-- Exercise material follows --

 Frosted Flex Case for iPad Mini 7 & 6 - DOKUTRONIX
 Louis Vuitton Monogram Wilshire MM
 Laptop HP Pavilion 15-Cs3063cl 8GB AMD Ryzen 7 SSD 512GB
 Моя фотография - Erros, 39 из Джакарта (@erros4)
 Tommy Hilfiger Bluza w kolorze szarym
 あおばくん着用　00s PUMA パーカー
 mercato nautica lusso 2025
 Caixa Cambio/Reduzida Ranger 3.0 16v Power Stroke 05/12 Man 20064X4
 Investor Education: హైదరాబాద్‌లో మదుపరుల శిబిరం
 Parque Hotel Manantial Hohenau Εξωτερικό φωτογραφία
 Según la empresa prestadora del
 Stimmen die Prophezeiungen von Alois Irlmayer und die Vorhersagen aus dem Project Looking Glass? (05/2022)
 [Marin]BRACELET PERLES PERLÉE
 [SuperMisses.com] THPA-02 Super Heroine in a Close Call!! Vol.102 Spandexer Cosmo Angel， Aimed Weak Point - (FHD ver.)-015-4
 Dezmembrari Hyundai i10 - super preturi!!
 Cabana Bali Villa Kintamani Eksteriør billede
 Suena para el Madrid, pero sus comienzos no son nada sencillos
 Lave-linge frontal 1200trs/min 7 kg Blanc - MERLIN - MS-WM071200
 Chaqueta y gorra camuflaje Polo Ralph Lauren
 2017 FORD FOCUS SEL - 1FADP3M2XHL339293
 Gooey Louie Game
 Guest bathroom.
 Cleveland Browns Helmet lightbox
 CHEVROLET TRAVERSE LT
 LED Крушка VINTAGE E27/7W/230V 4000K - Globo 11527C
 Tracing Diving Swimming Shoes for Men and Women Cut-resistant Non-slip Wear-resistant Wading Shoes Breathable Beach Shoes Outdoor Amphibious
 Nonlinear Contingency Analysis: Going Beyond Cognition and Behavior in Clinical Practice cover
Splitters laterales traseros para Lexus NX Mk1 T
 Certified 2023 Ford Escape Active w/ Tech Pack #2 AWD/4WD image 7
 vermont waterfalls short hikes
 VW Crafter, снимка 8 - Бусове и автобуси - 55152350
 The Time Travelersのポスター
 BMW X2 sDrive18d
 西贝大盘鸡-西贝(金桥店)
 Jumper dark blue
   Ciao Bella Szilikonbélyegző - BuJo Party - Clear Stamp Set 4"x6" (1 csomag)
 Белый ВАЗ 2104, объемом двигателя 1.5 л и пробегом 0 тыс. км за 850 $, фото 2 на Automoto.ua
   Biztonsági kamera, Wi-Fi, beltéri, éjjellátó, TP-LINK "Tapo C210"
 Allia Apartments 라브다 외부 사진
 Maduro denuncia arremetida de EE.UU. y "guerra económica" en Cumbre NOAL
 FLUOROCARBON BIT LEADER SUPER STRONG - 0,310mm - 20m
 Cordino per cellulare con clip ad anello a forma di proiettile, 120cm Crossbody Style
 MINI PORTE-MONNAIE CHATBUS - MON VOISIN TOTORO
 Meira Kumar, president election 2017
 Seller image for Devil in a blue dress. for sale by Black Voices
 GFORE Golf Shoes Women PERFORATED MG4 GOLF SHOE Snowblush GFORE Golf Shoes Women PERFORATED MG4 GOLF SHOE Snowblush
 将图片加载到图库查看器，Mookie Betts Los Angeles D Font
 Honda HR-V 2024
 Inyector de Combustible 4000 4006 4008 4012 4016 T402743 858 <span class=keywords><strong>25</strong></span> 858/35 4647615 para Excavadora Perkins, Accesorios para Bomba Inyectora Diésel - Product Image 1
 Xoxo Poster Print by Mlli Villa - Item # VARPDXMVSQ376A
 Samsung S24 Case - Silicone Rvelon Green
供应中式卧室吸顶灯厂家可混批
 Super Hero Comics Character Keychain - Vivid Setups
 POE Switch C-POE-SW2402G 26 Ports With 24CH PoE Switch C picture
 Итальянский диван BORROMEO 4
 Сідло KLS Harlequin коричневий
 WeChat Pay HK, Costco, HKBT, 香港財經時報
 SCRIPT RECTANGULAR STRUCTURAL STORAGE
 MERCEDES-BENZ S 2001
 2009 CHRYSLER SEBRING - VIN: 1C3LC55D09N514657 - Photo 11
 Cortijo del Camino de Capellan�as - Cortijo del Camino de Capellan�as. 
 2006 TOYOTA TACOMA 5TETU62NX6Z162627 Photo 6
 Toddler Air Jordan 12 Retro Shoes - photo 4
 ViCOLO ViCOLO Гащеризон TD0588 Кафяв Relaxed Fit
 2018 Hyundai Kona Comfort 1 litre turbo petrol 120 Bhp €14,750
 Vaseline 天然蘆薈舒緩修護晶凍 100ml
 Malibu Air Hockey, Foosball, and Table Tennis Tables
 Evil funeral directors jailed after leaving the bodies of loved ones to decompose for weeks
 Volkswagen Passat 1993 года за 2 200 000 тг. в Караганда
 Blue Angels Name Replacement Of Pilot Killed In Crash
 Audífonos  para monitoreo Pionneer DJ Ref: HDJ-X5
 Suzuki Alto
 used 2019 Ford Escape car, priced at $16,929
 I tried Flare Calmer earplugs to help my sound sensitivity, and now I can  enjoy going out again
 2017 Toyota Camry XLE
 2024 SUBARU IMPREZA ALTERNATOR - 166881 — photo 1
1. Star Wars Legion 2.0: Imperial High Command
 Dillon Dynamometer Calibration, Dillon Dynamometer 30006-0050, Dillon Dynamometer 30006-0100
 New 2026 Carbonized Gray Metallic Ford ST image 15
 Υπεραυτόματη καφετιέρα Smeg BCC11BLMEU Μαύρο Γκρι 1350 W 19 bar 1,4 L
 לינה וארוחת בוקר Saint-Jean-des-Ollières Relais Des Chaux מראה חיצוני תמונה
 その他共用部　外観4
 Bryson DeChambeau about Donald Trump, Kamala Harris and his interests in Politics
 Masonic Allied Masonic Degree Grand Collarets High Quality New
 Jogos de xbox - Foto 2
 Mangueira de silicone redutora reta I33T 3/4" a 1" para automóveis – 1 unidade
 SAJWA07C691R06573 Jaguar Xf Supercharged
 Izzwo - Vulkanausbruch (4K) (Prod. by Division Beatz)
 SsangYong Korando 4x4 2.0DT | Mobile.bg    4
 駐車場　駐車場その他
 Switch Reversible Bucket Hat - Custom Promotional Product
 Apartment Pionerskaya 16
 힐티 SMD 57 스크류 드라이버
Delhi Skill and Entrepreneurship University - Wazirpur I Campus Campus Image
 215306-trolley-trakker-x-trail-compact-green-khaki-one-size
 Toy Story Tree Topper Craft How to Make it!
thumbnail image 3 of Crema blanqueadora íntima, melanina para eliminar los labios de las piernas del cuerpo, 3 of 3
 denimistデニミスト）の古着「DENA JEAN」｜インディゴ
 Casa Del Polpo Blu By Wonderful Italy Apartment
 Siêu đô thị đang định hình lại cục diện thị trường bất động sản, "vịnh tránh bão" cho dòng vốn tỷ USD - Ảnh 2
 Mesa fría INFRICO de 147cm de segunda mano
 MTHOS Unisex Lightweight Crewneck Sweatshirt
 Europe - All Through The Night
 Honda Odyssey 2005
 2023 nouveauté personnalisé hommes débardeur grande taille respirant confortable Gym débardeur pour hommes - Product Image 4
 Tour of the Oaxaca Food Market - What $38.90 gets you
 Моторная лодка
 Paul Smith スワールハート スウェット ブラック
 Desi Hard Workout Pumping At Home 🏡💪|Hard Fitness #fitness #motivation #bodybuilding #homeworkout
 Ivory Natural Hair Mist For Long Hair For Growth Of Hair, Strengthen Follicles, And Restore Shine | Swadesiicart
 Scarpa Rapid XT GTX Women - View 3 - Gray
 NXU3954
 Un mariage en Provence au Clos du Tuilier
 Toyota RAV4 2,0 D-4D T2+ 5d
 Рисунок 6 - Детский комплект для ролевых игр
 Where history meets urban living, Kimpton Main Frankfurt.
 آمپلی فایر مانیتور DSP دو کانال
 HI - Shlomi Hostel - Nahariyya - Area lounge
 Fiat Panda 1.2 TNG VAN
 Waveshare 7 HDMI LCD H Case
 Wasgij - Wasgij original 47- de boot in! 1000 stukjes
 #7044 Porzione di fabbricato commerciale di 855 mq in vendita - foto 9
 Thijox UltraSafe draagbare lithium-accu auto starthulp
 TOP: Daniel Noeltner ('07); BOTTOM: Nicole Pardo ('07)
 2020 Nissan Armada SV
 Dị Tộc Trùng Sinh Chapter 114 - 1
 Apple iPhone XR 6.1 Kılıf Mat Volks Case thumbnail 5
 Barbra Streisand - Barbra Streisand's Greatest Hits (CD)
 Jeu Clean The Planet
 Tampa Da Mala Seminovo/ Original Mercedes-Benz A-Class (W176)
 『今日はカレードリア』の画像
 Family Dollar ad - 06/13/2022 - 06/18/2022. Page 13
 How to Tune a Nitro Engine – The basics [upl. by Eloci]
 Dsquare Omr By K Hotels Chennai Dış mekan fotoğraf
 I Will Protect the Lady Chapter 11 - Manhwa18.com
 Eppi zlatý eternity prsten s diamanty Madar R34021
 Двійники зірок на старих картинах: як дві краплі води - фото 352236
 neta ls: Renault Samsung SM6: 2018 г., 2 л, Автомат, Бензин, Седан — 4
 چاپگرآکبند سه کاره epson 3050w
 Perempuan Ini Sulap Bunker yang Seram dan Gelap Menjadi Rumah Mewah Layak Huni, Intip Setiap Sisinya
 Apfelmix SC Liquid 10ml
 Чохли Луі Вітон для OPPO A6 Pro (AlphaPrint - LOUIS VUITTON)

-- Exercise material concluded --

_Task:_
Go to the line in the material above that contains "vermont waterfalls short hikes" and copy exactly from there through the line that contains "Ciao Bella Szilikonbélyegző", stopping after it.

_Solution below:_
 vermont waterfalls short hikes
 VW Crafter, снимка 8 - Бусове и автобуси - 55152350
 The Time Travelersのポスター
 BMW X2 sDrive18d
 西贝大盘鸡-西贝(金桥店)
 Jumper dark blue
   Ciao Bella Szilikonbélyegző - BuJo Party - Clear Stamp Set 4"x6" (1 csomag)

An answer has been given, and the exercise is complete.